How are patients selected for SLIT verses traditional IT?
Dr. Levine: Doctors should continue with the gold standard, which is injection therapy. At the same time, what I can tell you from my clinical experience of having done this now for about six years, is I think that this is an outstanding alternative for patients who would otherwise not want to go through injection immunotherapy. They can avoid the needles and the inconvenience of having to come into the office as much.
Dr. Marple: The overarching questions are: Does SLIT replace SCIT, does SLIT augment traditional treatment, or does it provide another option? We don’t yet have enough data to really differentiate which patients would really benefit from SCIT and who would be best served with SLIT. With my own patients, I inform them about each method of delivery. Then, I let the patients make the choice. Given a choice that is completely independent of reimbursement, I find patients almost uniformly prefer to go with SLIT.
How do you go about using SLIT?
Dr. Levine: In our practice, once the patient decides to use SLIT, we give the first dose in the office to make sure there’s no reaction. Then we give them enough solution for 12 weeks at a time. If they’re local, they stop in once every 12 weeks as we escalate the concentration of antigen and monitor their response. If they’re patients who are traveling long distances, we ship drops to them and have them stop in and see us when it’s convenient.

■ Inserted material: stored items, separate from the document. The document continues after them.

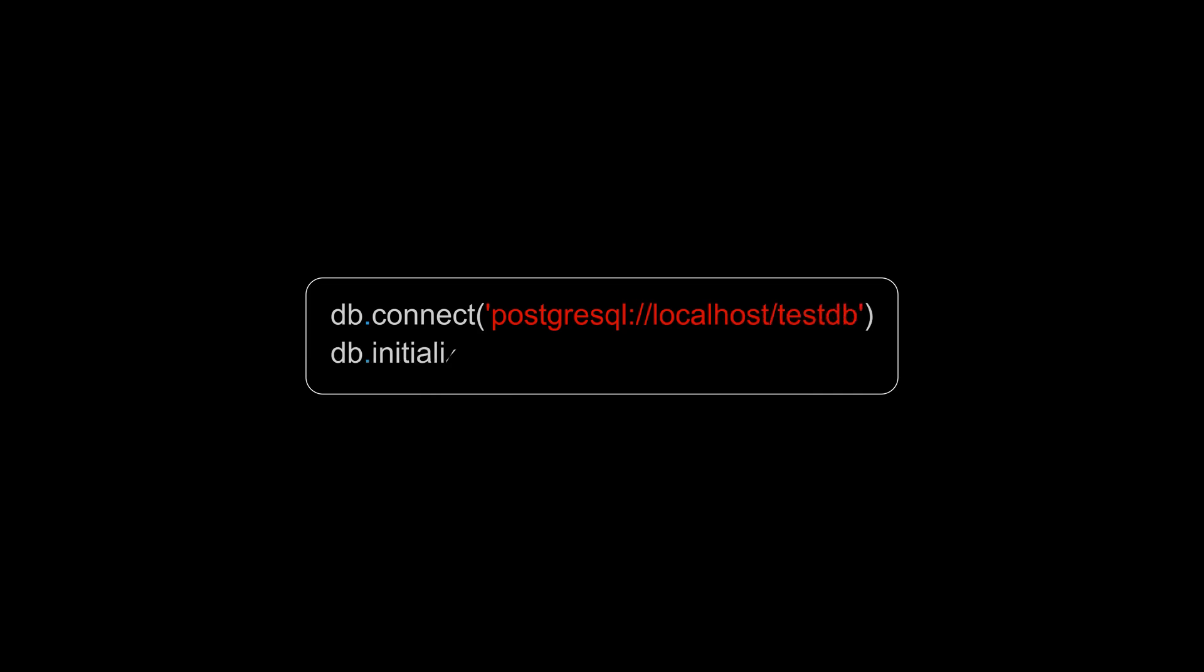Imagine a database object. To be able to use it for the first time on an empty database, you first need to connect your database, then initialize it. In code, it would be something like this.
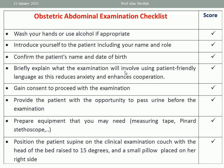Then briefly explain what the examination will involve using patient-friendly language, as this reduces anxiety and enhances cooperation. You can say: I am going to examine your abdomen by inspection first, then palpation for the uterus — the lie and presentation of the baby. Also I am going to measure the symphysis fundal height, and do auscultation of the fetal heart rate. Simply explain to the patient the steps you are going to do.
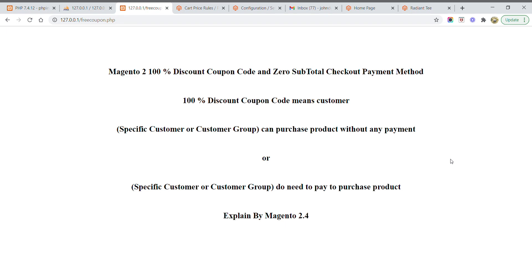Today I am going to start with the Magento 2 100% discount coupon code and zero subtotal checkout payment method. A 100% discount coupon code means a customer or a specific group of customers can purchase any product without any payment. A specific group or a specific customer does not need to pay anything to purchase a product where the discount coupon is applicable.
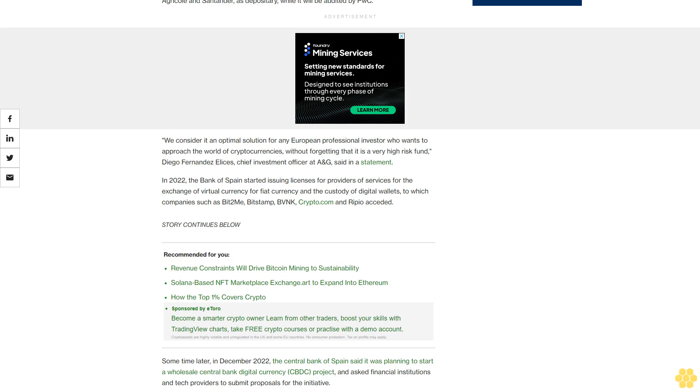The bank asked financial institutions and tech providers to submit proposals for the initiative.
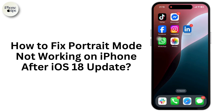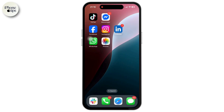How to fix portrait mode not working on iPhone after iOS 18 update. If portrait mode has stopped working or is missing on your iPhone after updating, many users have reported similar issues such as the mode being unavailable, the background blur not applying, or the camera failing to focus properly. So let's get started.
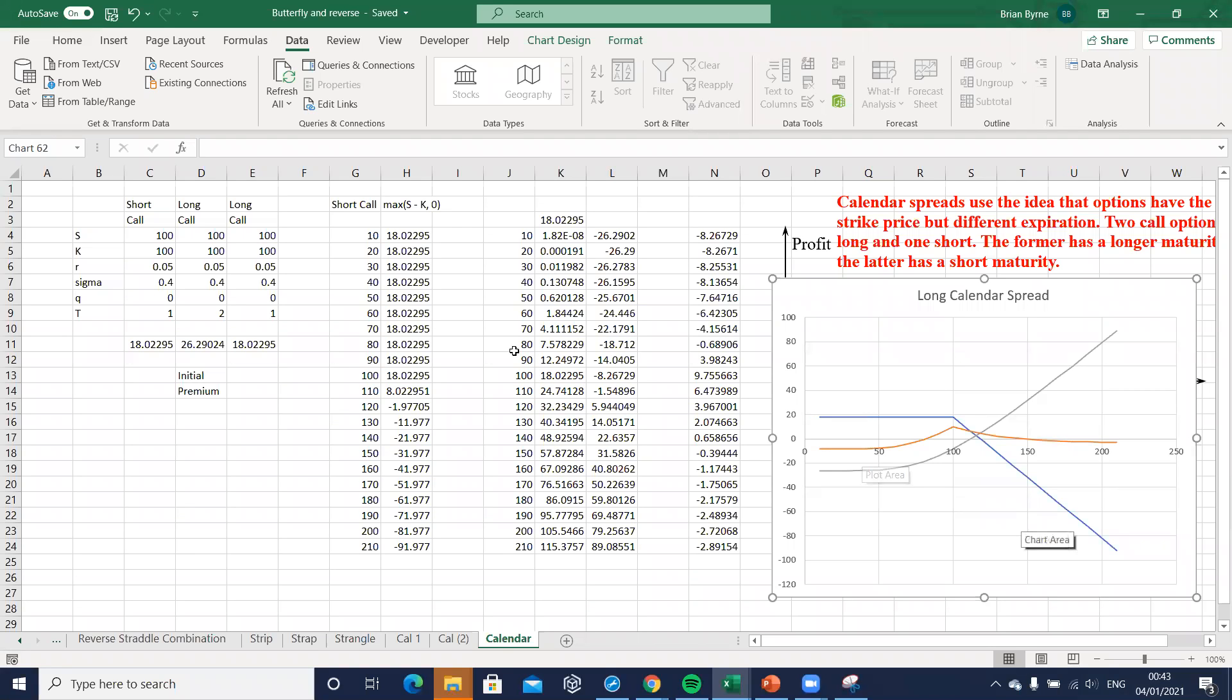Okay, so here in this video we want to set out a reverse calendar spread.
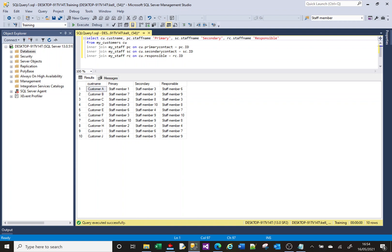So we had one table and we've joined that one table to the same table three times - you get three sets of data. There are lots of examples where this kind of pattern could come up, and that's how you achieve it. Remember to make the aliases as meaningful as possible - in this case: primary contact, secondary contact, responsible contact - those initials - because depending on the size of your SQL you're going to want to reference these things, and if it's lines and lines of code it's easy to get lost.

How does the off-label status affect the use of SLIT?
Dr. Marple: In reality, many treatments are used off-label. In otolaryngology, we’re forced on a very regular basis to treat diseases off -label. Consider chronic rhinosinusitis; there are no FDA-approved medical therapies available to physicians. Practitioners must resort to the off-label use of a variety of medications such as antibiotics, antifungals, and corticosteroids. It’s important to realize that all these medications have been approved for other uses by the FDA. Similarly, with SLIT, this is an off-label use of an already FDA-approved product.
Dr. Levine: Because it’s not being used in the way that was originally approved by the FDA, we call it off-label. But should that limit us from offering SLIT to our patients? Absolutely not. Twenty percent of the drugs that are prescribed in the United States today are off-label FDA drugs.